I remember it well, even though it was 30 years ago.

Roly Poly Hill, one of the steepest ridges in Exeter.

It was January 1982, smack bang in the middle of one of the harshest winters of modern times.

There we were, the Heles School kids, ready for the weekly spell of purgatory which was the cross country run.

It was cold, it was wet, it was muddy.

More than anything, it was cold. Teeth chatteringly cold.

In our t shirts and shorts, we set off. There is no way on God’s earth this would be allowed these days, what with health and safety paramount in school policy.

But no such rules existed back then, so off we went. We had no choice.

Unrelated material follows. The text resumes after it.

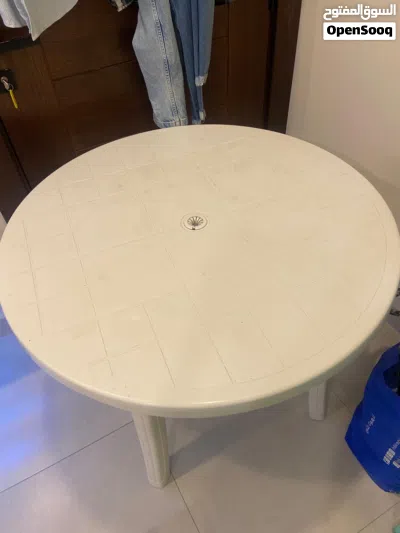 White Round Table for Sale - Removable leggs 4
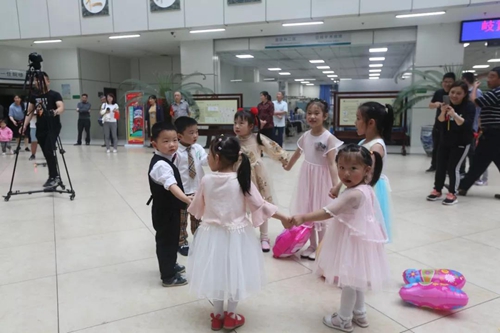 精彩！他们把医院“快闪“玩出了新高度？(图4)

Character building, the teachers called it.

‘We’ve already got characters, sir,’ we chortled back. ‘Well formed early teenage ones, full of cheek.’ To no avail.

I thought back to those mud-encrusted days last weekend as my son Ben and his Fordingbridge under-11 colleagues completed their latest Testway Youth League Division 2 victory.

Away to Worthys, north of Winchester, it was raining when we left Fordingbridge, sleeting as we drove across the New Forest and hit the M27, and virtually snowing by the time we arrived at our venue.

And it was bitterly cold.

Journalists are people of many words, but here only our four are needed.

It was bitterly cold.

There we were, us parents, wrapped up in coats, scarves and a selection of natty headwear last seen at Glastonbury in 2011.

The kids weren’t so lucky, though one was wearing a hat, a few sported gloves – not that they made much difference – and one wise lad wore leggings.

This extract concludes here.